I really would not like to see the result between a gk/minotaur/possible black templar alliance, supported by storm troops, massed guard, and apocalypse weapons. magnus' intention was not to destroy the wolves homebase utterly, iirc, the use of world ending weapons to prevent the 'presumed' turning of the wolves would not be matter of sanction.

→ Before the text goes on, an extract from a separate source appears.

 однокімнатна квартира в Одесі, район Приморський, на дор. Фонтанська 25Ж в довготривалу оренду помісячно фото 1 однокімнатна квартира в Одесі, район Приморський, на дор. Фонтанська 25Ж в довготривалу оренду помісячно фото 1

can you imagine the shit which would go down between the world if there was a second coming? think that but with 10km long battleships.


----------



## Akatsuki13 (May 9, 2010)

I want to see Alpharius and/or Omegon return, just to see how they can screw things up. Are they truly Traitors or are they in reality Loyalists posing as Traitors? Regardless of their allegiance you kind of tell what the other Primarchs would do if they returned but with the Last Primarch you just don't know. Hell they could be alive and operating in the current time and no one would know. That's actually kind of scary if you think about it.


----------



## Malochai (May 27, 2012)

I say that Leman Russ would be cool, seeing as he's in the Warp, and has been for millennia - his more intense (?) knowledge of Chaos could then be of use to the Imperium, as well as the fact his Chapter are pretty much space-vikings ... That's pretty awesome, no matter which way you slice it! However, as has ben said, he was last heard to say that he would return during the End Times ... 
Beyond that, the Lion does seem to be a pretty cool way to go, but I think that Guilliman would just add credence to the fact that 1) GW focus on Ultramarines and 2) he's probably the most focussed-upon primarch as it is. Fleshing out the stories of one others would be a much better way to go.


----------



## Zetronus (May 9, 2012)

+1 for a returning (unknown) Primarch

preferably one that really pee's on the inquisitors bonfire =)


----------



## spanner94ezekiel (Jan 6, 2011)

Creed a tactical genius? Pfft. Bring on Jonson. Yep, I'm also going with the Lion for best celebrity come-back, with Whitney Houston making a shock appearance coming a close second.


----------



## bastex (Feb 13, 2011)

clearly the allfather leman russ all the wolves on fenris are pissed becouse grimnar puted on the no beer sign 

ok more serius now
leman russ should come back it would be the start of the end and would be the only primarch to actualy kick inqisition ass and come out on top 

leman russ is a sledge hammer he wrecks stuff . who would need to come back to fix what russ wrecked ?


----------



## Insanity (Oct 25, 2011)

Well we have Lion El'Jonson sleeping away waiting for something to happen, would be interesting to see what finally awakes him. Perhaps one of the Traitor Primarchs comes back and that awakens him?


----------



## redmapa (Nov 9, 2011)

Angron came back and that didnt wake him..


----------



## tabbytomo (Aug 12, 2008)

The soul of the night haunter contained in the form of a daemon-warhound. that would likely stir the lion..


----------



## mcmuffin (Mar 1, 2009)

From the point of view of both a SW fanboi and a not-SW fanboi, i think Russ or the Lion would cause the biggest stir, considering that both of them were master tacticians, and both would be equally unimpressed with the state of the imperium. As for the whole GK/ Minotaur / BT alliance to wipe out fenris, it is widely stated that Fenris is the most heavily fortified world outside of Cadia and Terra, i can't imagine their ships would last too long in orbit once their intentions were clear. Also, I can't imagine the Grey Knights would have an easy time taking down a non-daemon Psycho Primarch who's home planet is being threatened, no matter how many Draigos they have.


----------



## Words_of_Truth (Sep 20, 2007)

Khan or Corax or Vulkan, one of the Primarchs not that prominent, I'd be bored if one of the big three returned.


----------



## Yllib Enaz (Jul 15, 2010)

Zombie Ferrus Manus on a quest to find his head


----------



## Tawa (Jan 10, 2010)

redmapa said:


> Angron came back and that didnt wake him..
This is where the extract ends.